The Empirical Studies of Conflict project focuses on the causes and characteristics of politically motivated violence.

In a project called Empirical Studies of Conflict, Stanford scholar Joe Felter tries to understand the nature of conflict in the world's most dangerous flashpoints.

Understanding the nature of violent conflict in the world's most dangerous flashpoints may help find ways to peace and stability, according to a Stanford expert.

Once a soldier, now a scholar, Joe Felter knows better than most the intrinsic meaning of war and conflict – he served on the front lines in the U.S. Special Forces in places such as Iraq, Afghanistan and the Philippines.

Today, the senior research scholar at Stanford'sCenter for International Security and Cooperation and research fellow at the Hoover Institution is on a different kind of mission: building knowledge on the subject of politically motivated conflict.

For example, how are the most casualties suffered and under what conditions? Are there patterns to why rebels are surrendering? And how do armed battles affect development and education in local communities?

Answers to these and other questions are found in the Empirical Studies of Conflict project database, which is led by Felter and Jacob Shapiro, his former Stanford political science classmate, now a professor at Princeton University. The effort focuses on insurgency, civil war and other sources of politically motivated violence worldwide. Launched last year, it currently covers the Philippines, Afghanistan, Colombia, Iraq, Northern Ireland, Mexico, the Israeli-occupied territories, Pakistan and Vietnam. The site includes geospatial and tabular data as well as thousands of documents, archives and interviews.

Since 2009, Felter has collaborated with colleagues at Princeton, the University of California, San Diego, and other institutions in developing the database. Today, they are advising policymakers and military leaders on how best to curb conflict, reduce civilian casualties and promote prosperity.

Felter's research on Filipino insurgencies, for instance, has produced significant results. The senior officials there have invited him to brief their military on battlefield trends and counterinsurgency strategy, as Felter and his colleagues have interviewed thousands of combatants as part of the project.

What do they learn about the insurgent mindset? One Islamic militant chief talked tactics with him, then revealed that his greatest tool was his men's belief that Allah was waiting for them on the other side.
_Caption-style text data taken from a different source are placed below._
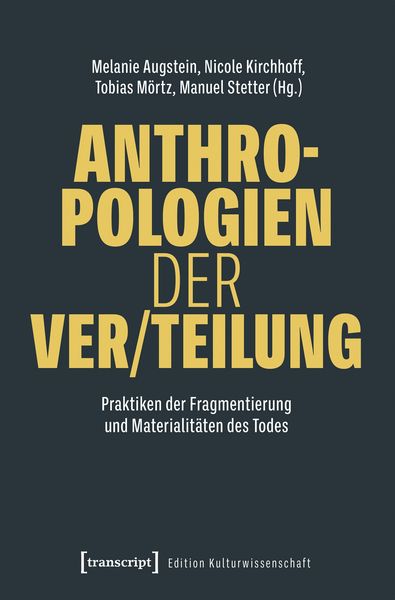 Produktbild: Anthropologien der Ver/Teilung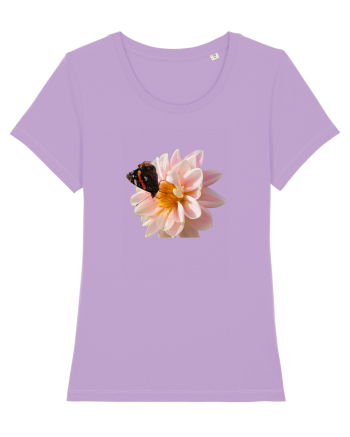 Floare si fluture colorat Lavender Dawn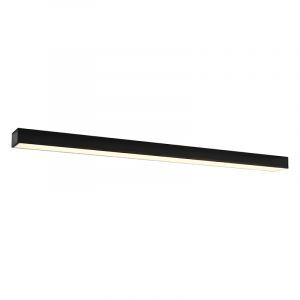 Aluminium Deckenleuchte Schwarz, Mascha, 48W, 3000K LED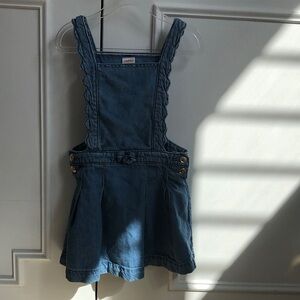 Gymboree Scalloped Strap Denim Overalls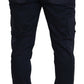 Elegant Dark Blue Jogger Pants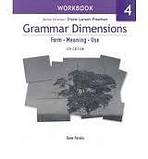 GRAMMAR DIMENSIONS 4 WORKBOOK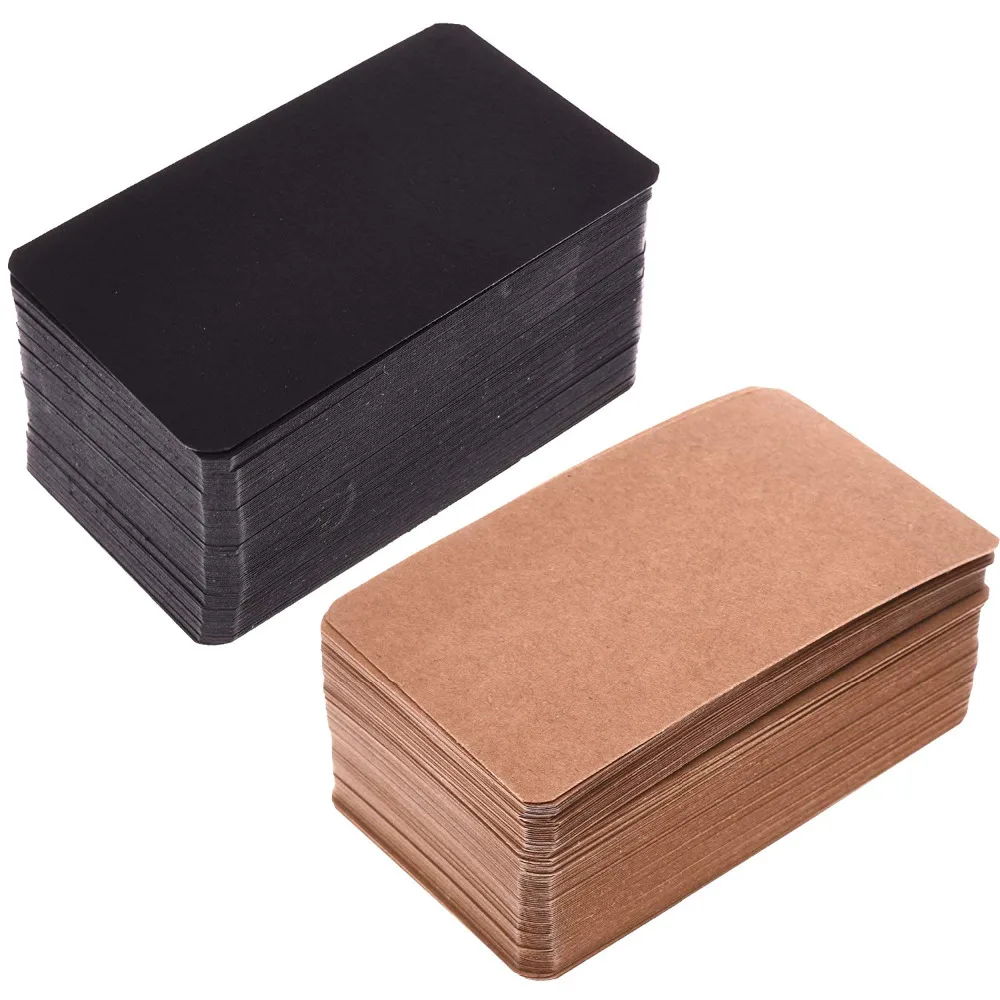XRHYY 200PCS White Color Kraft Paper Double Sided Blank
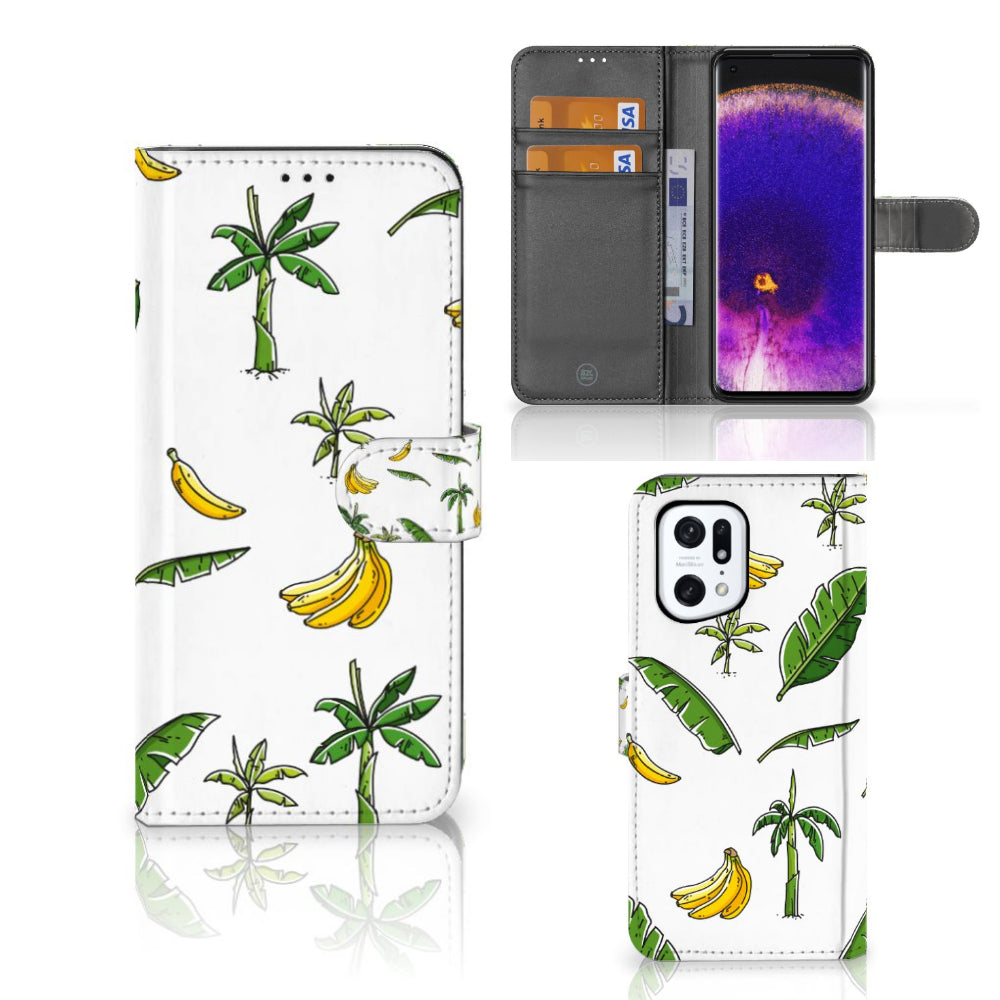 OPPO Find X5 Pro Hoesje Banana Tree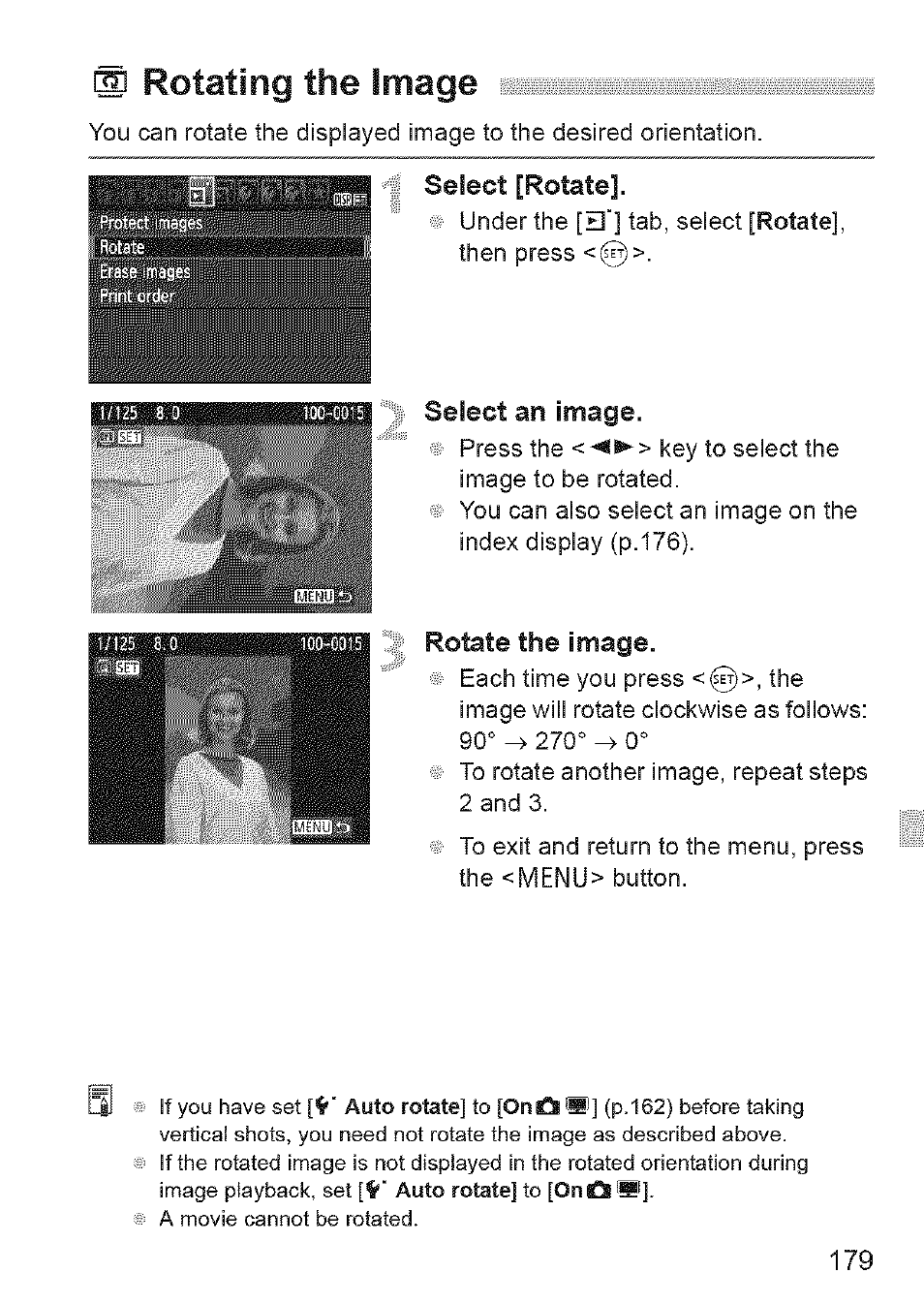 Si rotating the image | Canon EOS 1100 D User Manual | Page 90 / 112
Others included a Roman Catholic nun who was running guns and money to help the poor and a young college freshman recruited with the promise of $40 a month to support her family.
Pathways to peace

In the case of the Philippines, Felter had access to more than 100,000 individual reports of conflict episodes dating back to 1975 and more than 13,000 interview transcripts from rebels who were captured or had surrendered over the last 30 years. That information was coded in detail and compiled as part of the Empirical Studies of Conflict Project database. The Philippines is home to some of the most protracted Muslim separatist and communist insurgencies in the world, and that is precisely why the government is interested in learning how to thwart it. Cicero
Crystal Lee, a Stanford senior and history major, has been Joe Felter’s research assistant since her freshman year.
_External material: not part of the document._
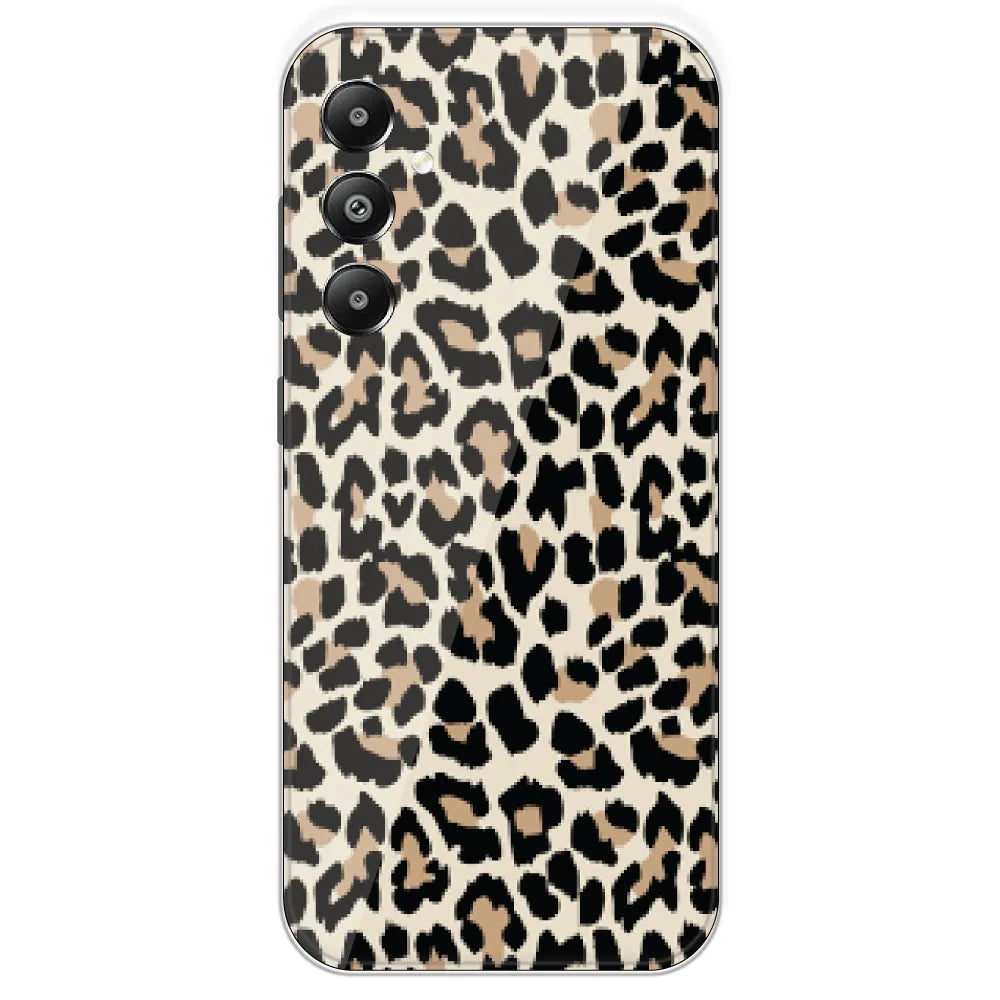 Leopard Print - Printed Silicone Case For Samsung Galaxy F14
"For me, it's kind of validating all the thousands and thousands of hours that went into all our coding," said Felter, adding that the information will help the Philippines government find ways to ease the costs and human suffering in the conflicts it faces.

It has been a transformational journey for Felter, who retired in 2012 from the U.S. Army as a colonel following a career as a Special Forces and foreign area officer with missions and deployments across Asia, Panama, Iraq and Afghanistan. In 2010-11, he commanded the International Security and Assistance Force Counter Insurgency Advisory and Assistance Team in Afghanistan.

"I spent a long time in the military deployed to environments where you could appreciate that what you were doing was having an impact," Felter said.

In higher education now, his vantage point is different from what it was on the front lines. Today, both perspective and policy are two of his main goals.

"Since I transitioned to academia, I haven't lost my commitment to trying to help practitioners in the field to better understand conflict – by using data," Felter said.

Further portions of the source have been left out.